DecisionTreeClassifier()
dt.score(X_test,y_test)
1.0
The sklearn estimator objects (that corresond to different models) all have the same API, so the fit
, predict
, and score
methods are the same as above. We will see this also in regression and clustering. What each method does in terms of the specific calculations will vary depending on the model, but they’re always there.
the tree
module also allows you to plot the tree to examine it.
plt.figure(figsize=(15,20))
tree.plot_tree(dt, rounded =True, class_names = ['A','B'],
proportion=True, filled =True, impurity=False,fontsize=10);
On the iris dataset, the sklearn docs include a diagram showing the decision boundary You should be able to modify this for another classifier.
12.4. Setting Classifier Parameters#
The decision tree we had above has a lot more layers than we would expect.
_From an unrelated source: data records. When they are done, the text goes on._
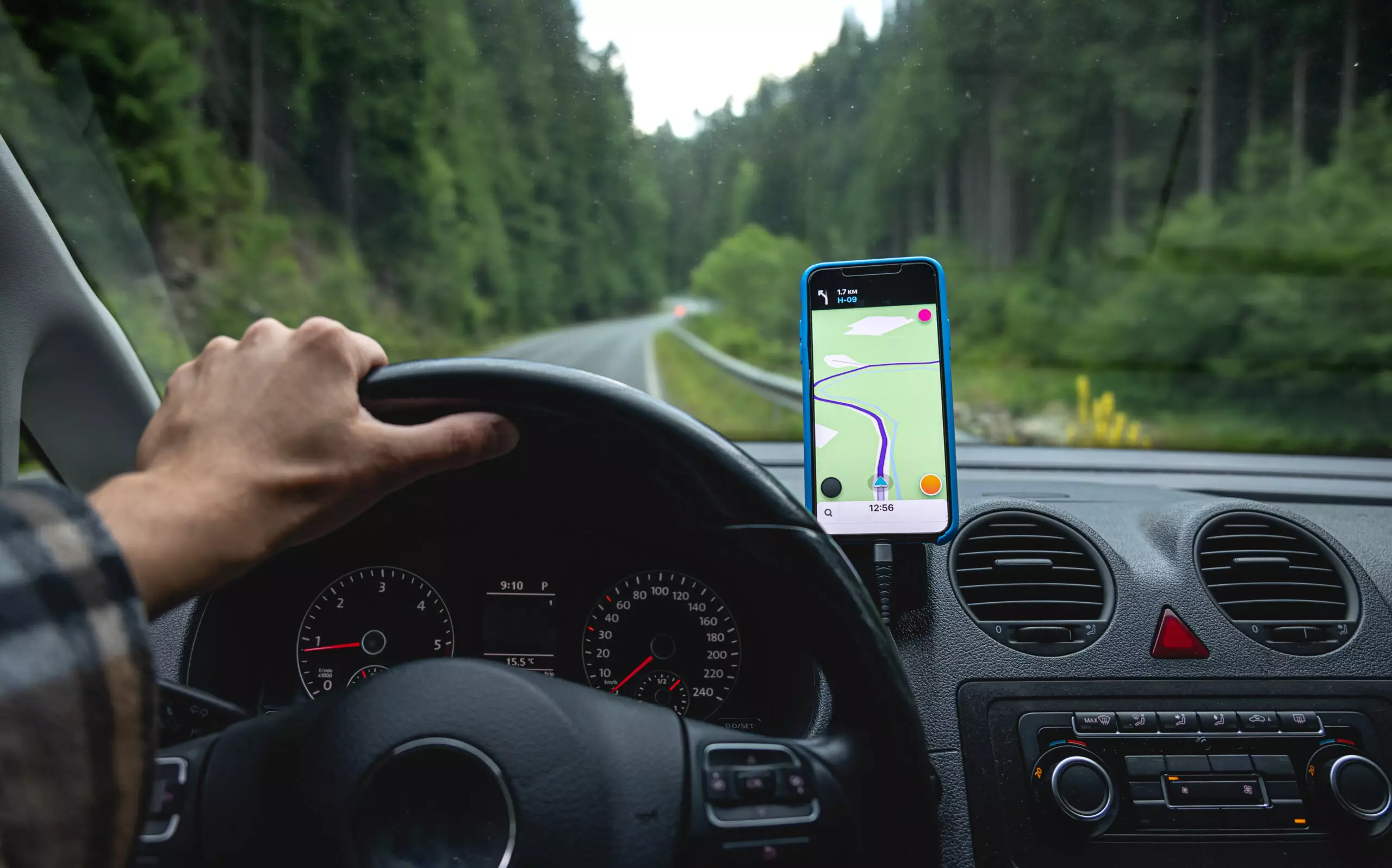 Geofence Alert in Car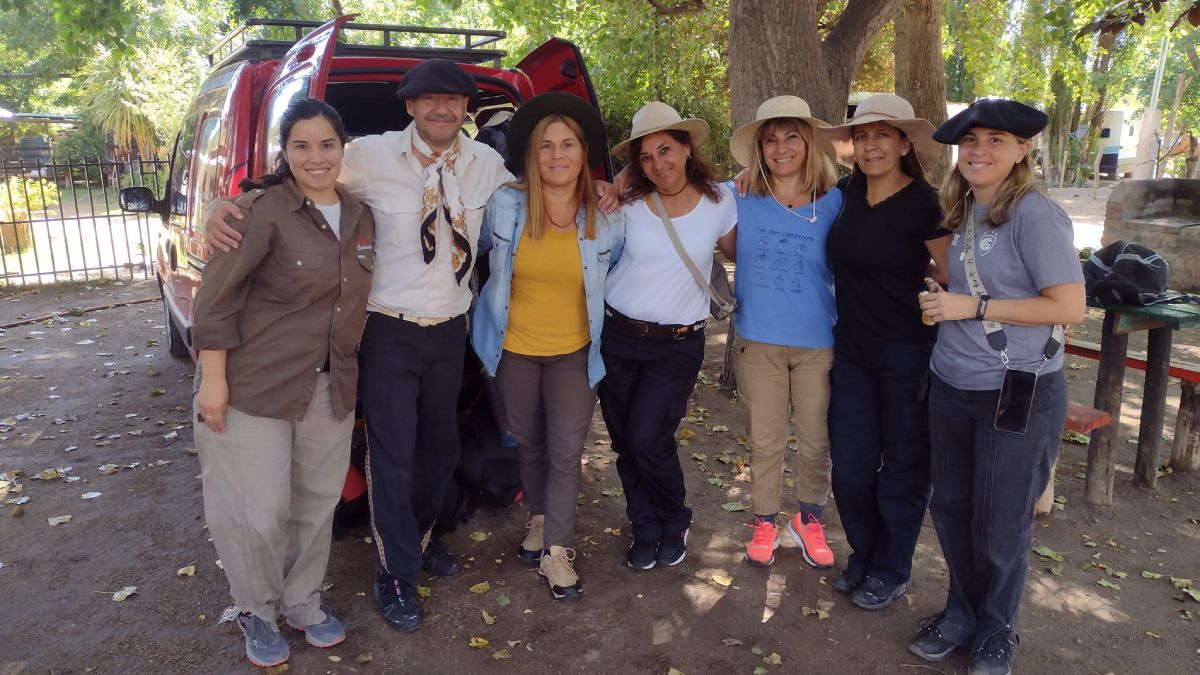 Aquí Brenda González posa junto a Jorge Leiva, de JAL Cabalgatas y las turistas que realizaron la accidentada expedición que cruzó la cordillera siguiendo las rutas sanmartinianas.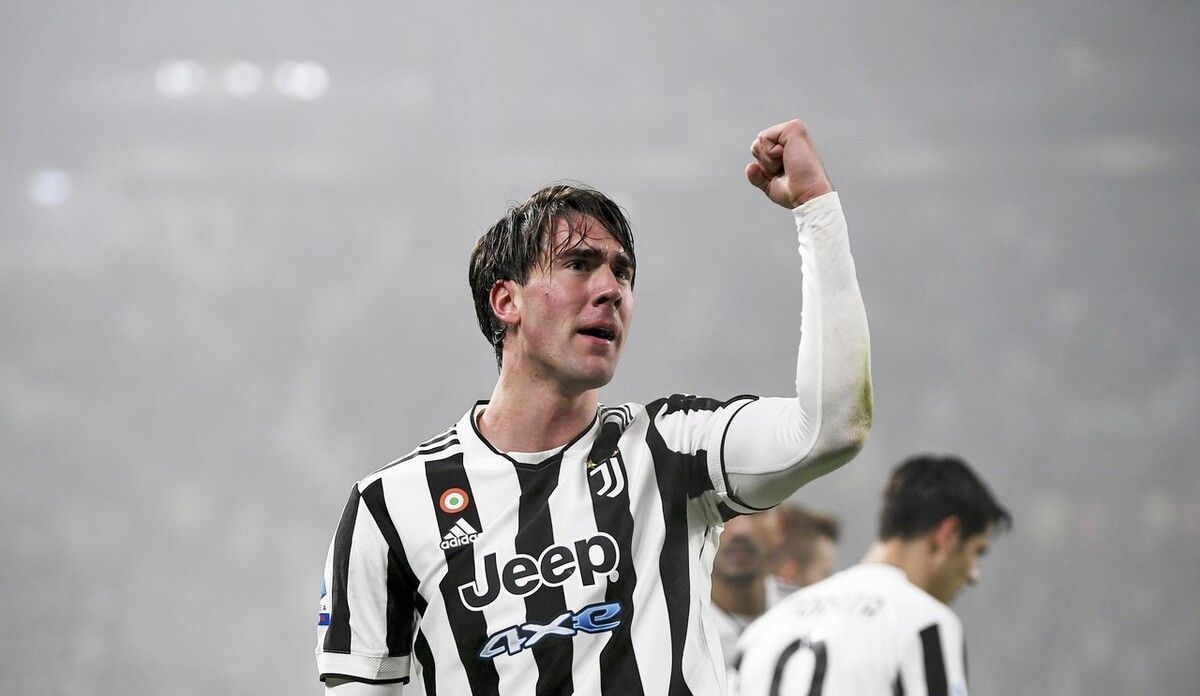 阿森纳3-1拜仁破其不败金身，马杜埃凯首球诺伊尔失误送礼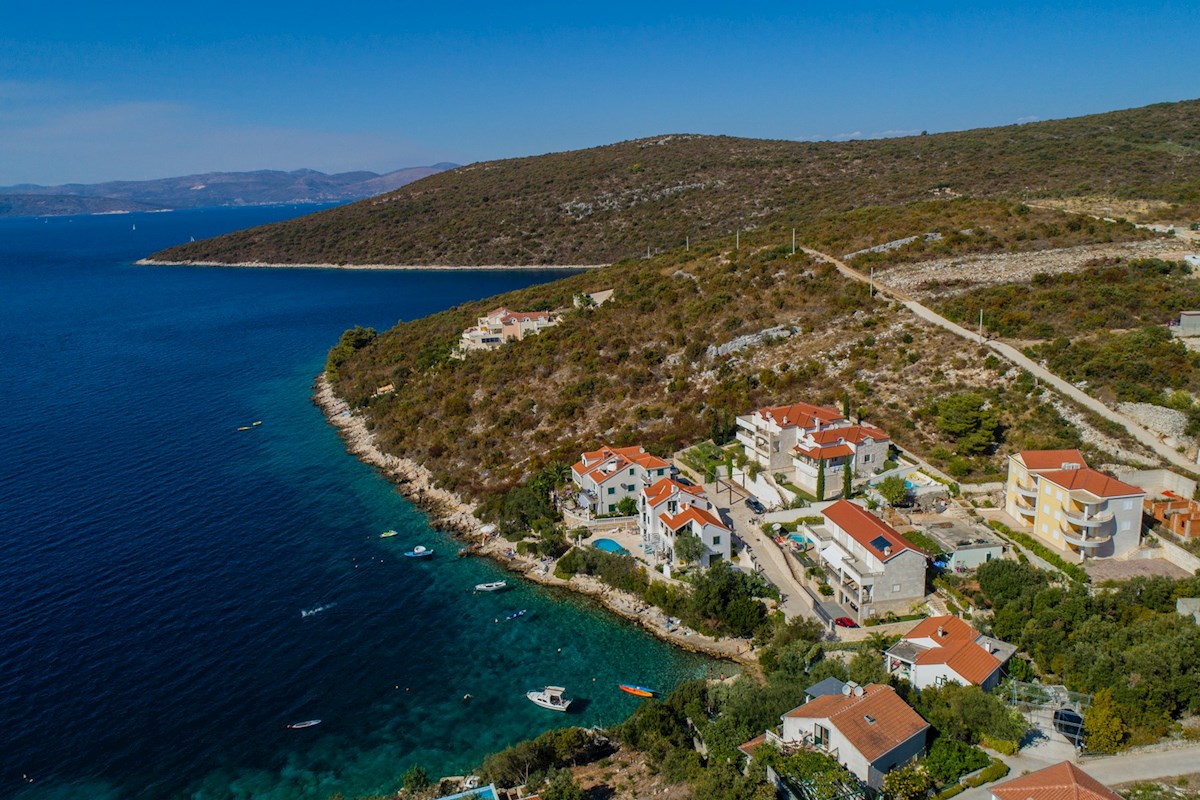 Terreno attraente con permesso di costruzione e vista aperta sul mare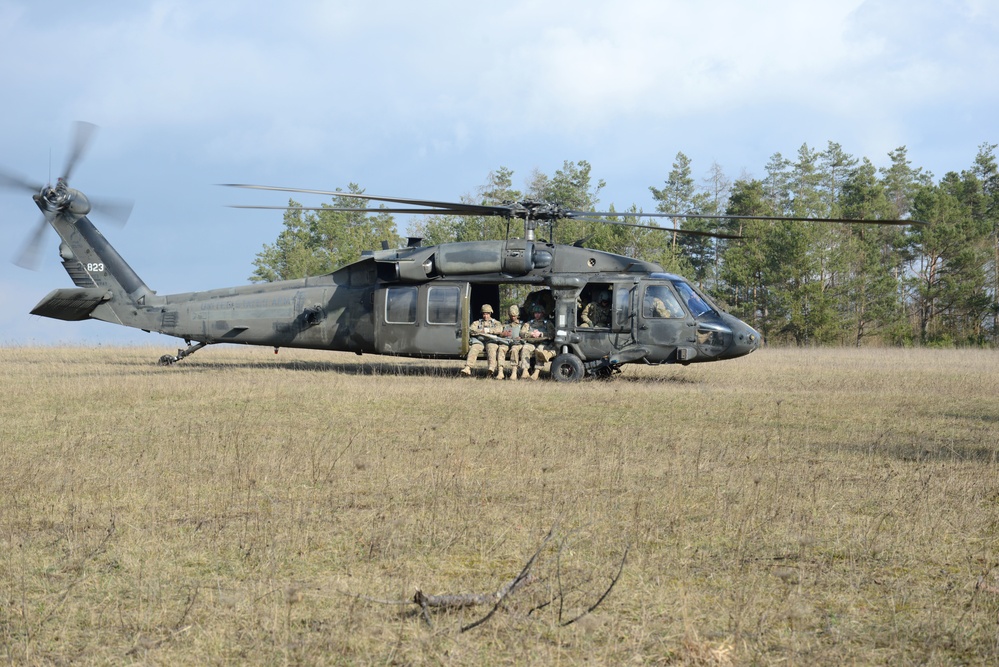 173rd AB 4-319 AFAR UH-60 Black Hawk airborne operation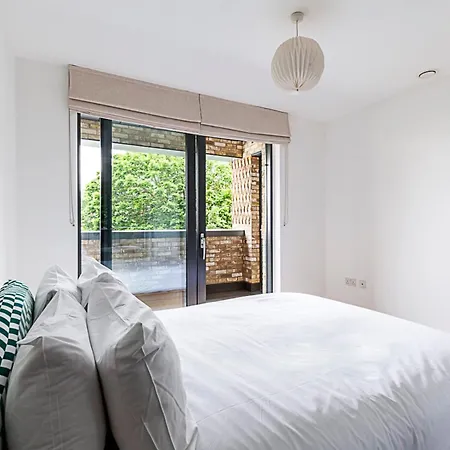 Apartment Well-connected Cosy And Bright Modern Flat London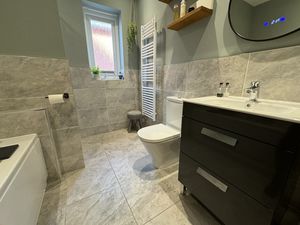Family Bathroom- click for photo gallery
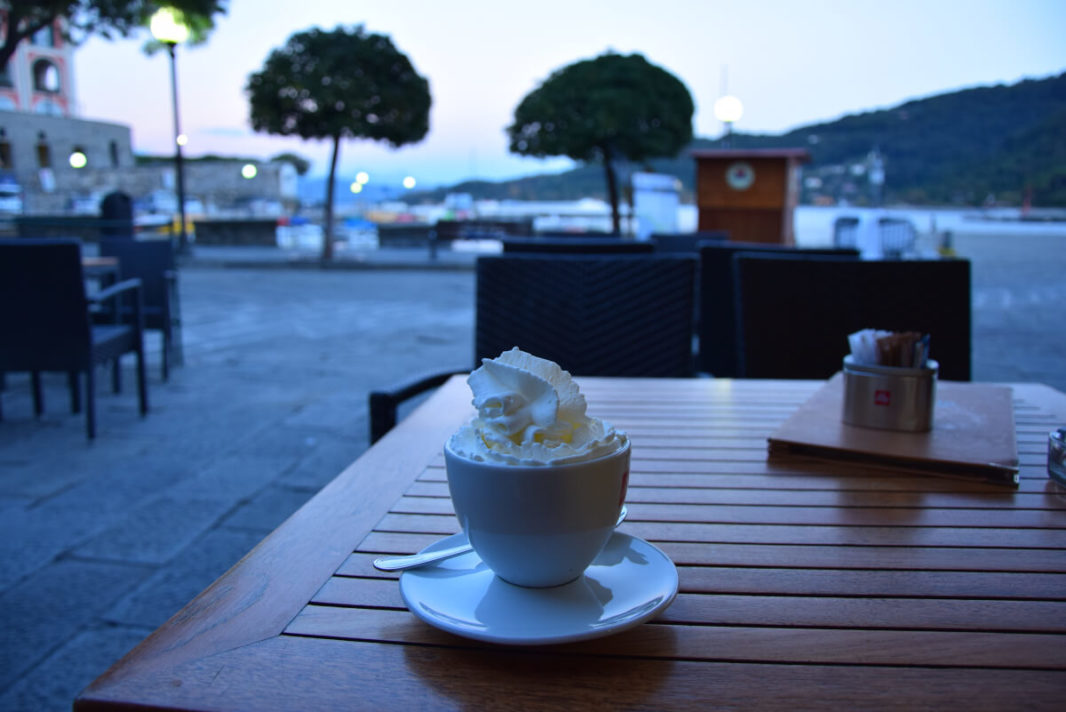 Viennesse coffee on Porto Venere's harbour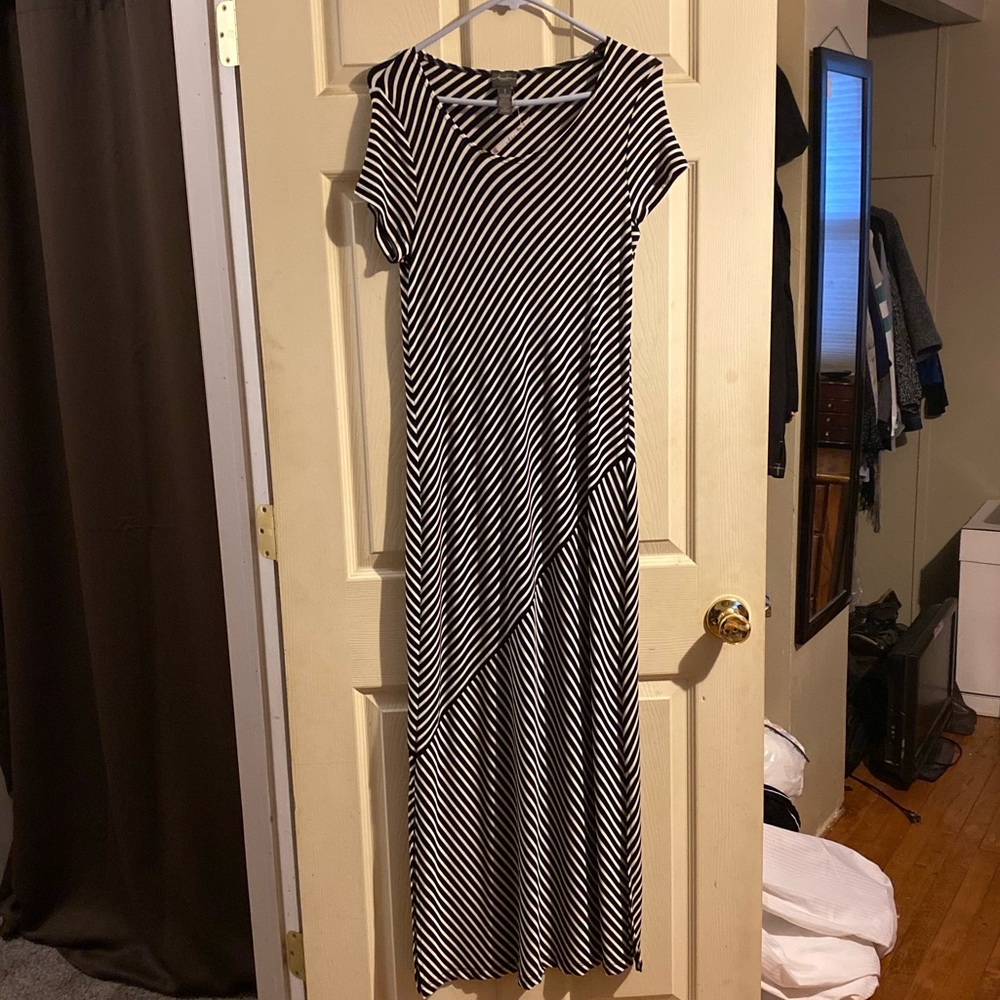 Flowy black and white maxi dress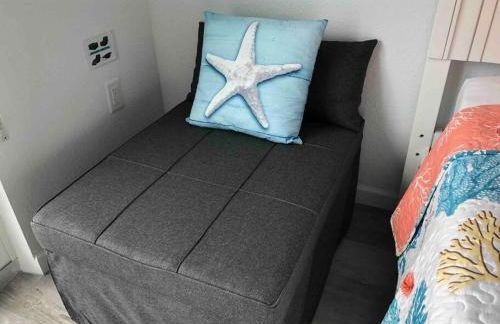 THE SANDCASTLE SUITE! Brand New 2Bedroom in Oceanfront Complex! BE THE FIRST to Visit our Condo Townhome with FREE Parking & Private Garage at Ocean Isles 38 Marathon FL KEYS! SPECIAL PRICING!!! - Foto 47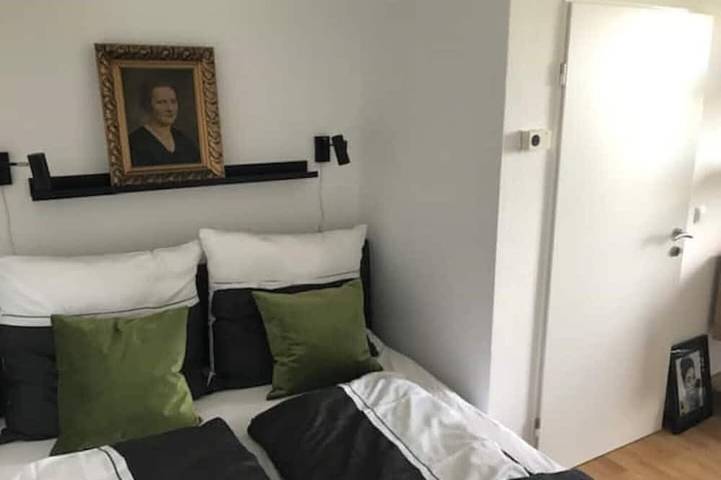 Ferienwohnung für 4 Personen, mit Balkon in Bergpark Wilhelmshöhe - 3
This is really simple data so we still got perfect classification. However, the more complex the model, the more risk that it will learn something noisy about the training data that doesn’t hold up in the test set.
Fortunately, we can control the parameters to make it find a simpler decision boundary.
dt2 = tree.DecisionTreeClassifier(max_depth=2)
dt2.fit(X_train,y_train)
dt2.score(X_test,y_test)
plt.figure(figsize=(15,20))
tree.plot_tree(dt2, rounded =True, class_names = ['A','B'],
proportion=True, filled =True, impurity=False,fontsize=10);
We can compute other metrics from the confusion matrix:
12.5. Questions After Class#
12.5.1. When should you start focusing on portfolio check 2?#
When you get P1 feedback
12.5.2. when will p1 check be graded?#
As soon as possible.
12.5.3. why not use a decision tree initially for the iris dataset?#
To teach the Gaussian Naive Bayes classifier, because learning different types of classifiers helps you understand the concept better.
12.5.4. Are there any popular machine learning models that use decision trees?#
Yes, a lot of medical appilcations do, because since they are easy to understand, it is easier for healthcare providers to trust them.
12.5.5. Do predictive algorithms have pros and cons? Or is there a standard?#
Each algorithm has different properties and strengths and weaknesses. Some are more popular than others, but they all do have weaknesses.
12.5.6. Different kinds of trees/charts, analyze what they mean and how to translate those#
12.5.7. is it possible after training the model to add more data to it ?#
The models we will see in class, no. However, there is a thing called “online learning” that involves getting more data on a regular basis to improve its performance.